Sur quelles espèces de plantes les abeilles ramassent-elles la matière à Cire, & comment font-elles cette récolte ?


Les abeilles qui connoissent parfaitement la matière qu’elles doivent employer, vont ramasser sur toutes sortes de fleurs la poussière de leurs étamines. Aristote assure que l’abeille, en faisant sa récolte, ne change point d’espèce de fleur, & que si elle a commencé à faire sa charge de la poussière des étamines du lys, elle n’ira pas à la tulipe pour finir la boule de cire brute qu’elle veut emporter.

M. de Réaumur a remarqué, au contraire, qu’elle va indifféremment d’une espèce à l’autre ; il est certain cependant que les deux petites pelotes qu’elle porte à ses jambes sont toujours de la même couleur, & qu’on n’en voit pas une être jaune, & l’autre brune : peut-être qu’en changeant d’espèce de fleur, elle ne va qu’à celles dont la couleur de la poussière des étamines est la même que celle dont elle est déjà chargée.

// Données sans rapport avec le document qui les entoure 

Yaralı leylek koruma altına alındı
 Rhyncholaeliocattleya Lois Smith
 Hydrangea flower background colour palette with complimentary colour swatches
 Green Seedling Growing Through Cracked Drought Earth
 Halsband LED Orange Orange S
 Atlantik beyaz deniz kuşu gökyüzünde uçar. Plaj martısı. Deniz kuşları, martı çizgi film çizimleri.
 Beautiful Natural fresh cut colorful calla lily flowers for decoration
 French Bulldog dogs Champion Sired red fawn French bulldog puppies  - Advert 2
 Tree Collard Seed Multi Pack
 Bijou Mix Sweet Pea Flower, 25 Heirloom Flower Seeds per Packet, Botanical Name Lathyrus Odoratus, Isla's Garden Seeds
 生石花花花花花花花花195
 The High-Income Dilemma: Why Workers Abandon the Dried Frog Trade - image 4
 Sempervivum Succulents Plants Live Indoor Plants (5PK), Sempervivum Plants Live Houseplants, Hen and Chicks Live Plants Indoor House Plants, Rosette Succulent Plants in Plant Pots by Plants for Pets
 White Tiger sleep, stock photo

Il semble que M. Maraldi ait pensé que l’abeille trouvoit la cire brute où il ne peut y en avoir, lorsqu’il dit : « qu’elle recueille la cire sur les feuilles d’un grand nombre d’arbres & de plantes, & sur la plupart des fleurs qui ont des étamines. »

Les abeilles ne recueillent la matière à cire que sur les fleurs qui ont des étamines qui fournissent cette poussière qu’elles vont chercher, & non pas sur les feuilles des arbres & des plantes où elles n’existent point, mais une matière sucrée & gluante. (Voyez le mot Miellée)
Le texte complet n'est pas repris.